WORK ORDER: A word-for-word copy of the data is what's wanted, with no pictures.
- Opening Delimiter -
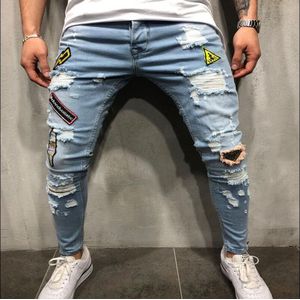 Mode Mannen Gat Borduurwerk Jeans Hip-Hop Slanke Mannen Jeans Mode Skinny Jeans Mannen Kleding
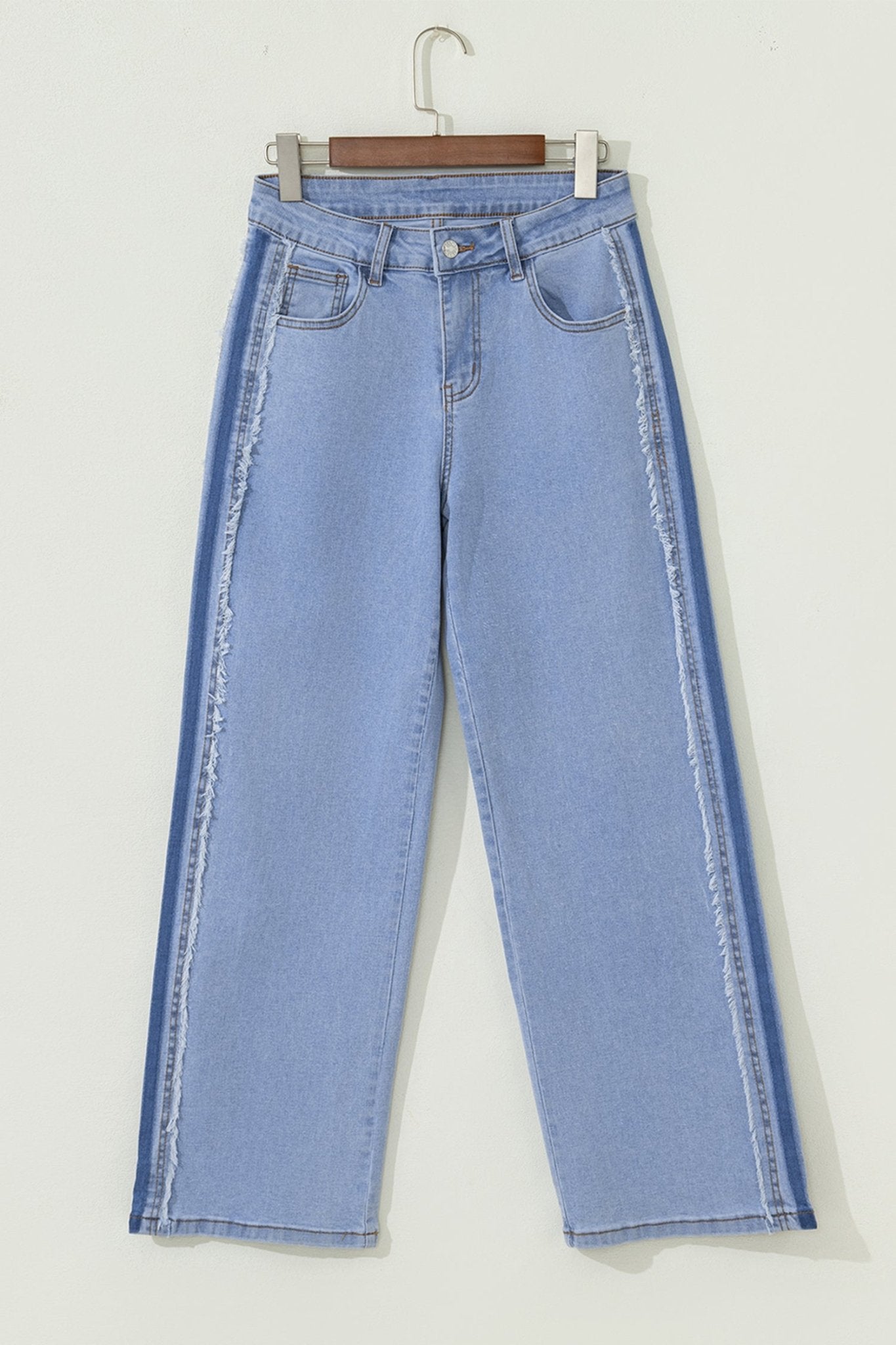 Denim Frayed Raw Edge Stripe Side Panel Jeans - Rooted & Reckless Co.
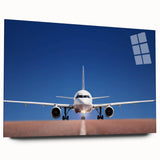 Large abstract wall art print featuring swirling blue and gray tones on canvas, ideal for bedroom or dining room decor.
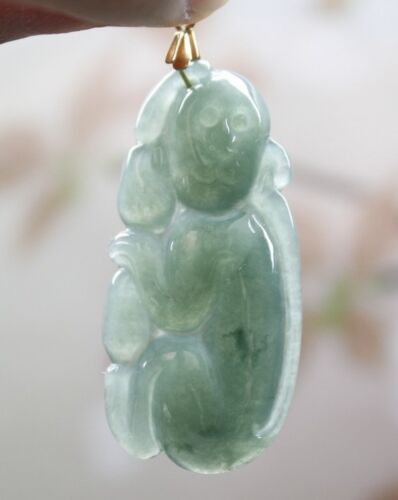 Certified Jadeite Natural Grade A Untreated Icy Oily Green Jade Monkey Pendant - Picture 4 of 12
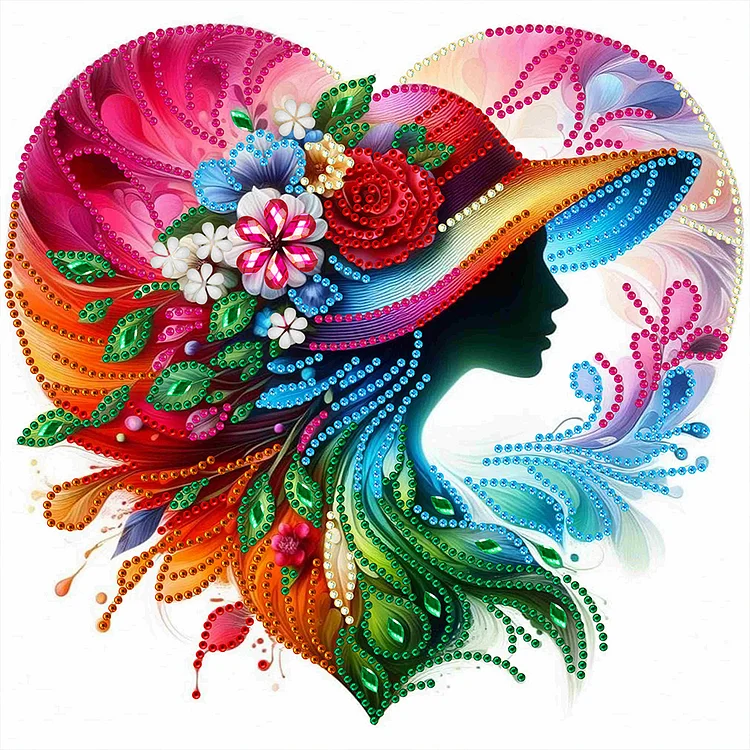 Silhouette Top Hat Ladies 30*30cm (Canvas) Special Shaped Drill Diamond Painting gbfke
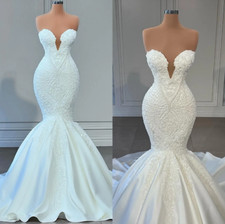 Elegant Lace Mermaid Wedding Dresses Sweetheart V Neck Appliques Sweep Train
- Closing Delimiter -
EXERCISE OUTPUT:
 Mode Mannen Gat Borduurwerk Jeans Hip-Hop Slanke Mannen Jeans Mode Skinny Jeans Mannen Kleding
 Denim Frayed Raw Edge Stripe Side Panel Jeans - Rooted & Reckless Co.
 Large abstract wall art print featuring swirling blue and gray tones on canvas, ideal for bedroom or dining room decor.
 Certified Jadeite Natural Grade A Untreated Icy Oily Green Jade Monkey Pendant - Picture 4 of 12
 Silhouette Top Hat Ladies 30*30cm (Canvas) Special Shaped Drill Diamond Painting gbfke
 Elegant Lace Mermaid Wedding Dresses Sweetheart V Neck Appliques Sweep Train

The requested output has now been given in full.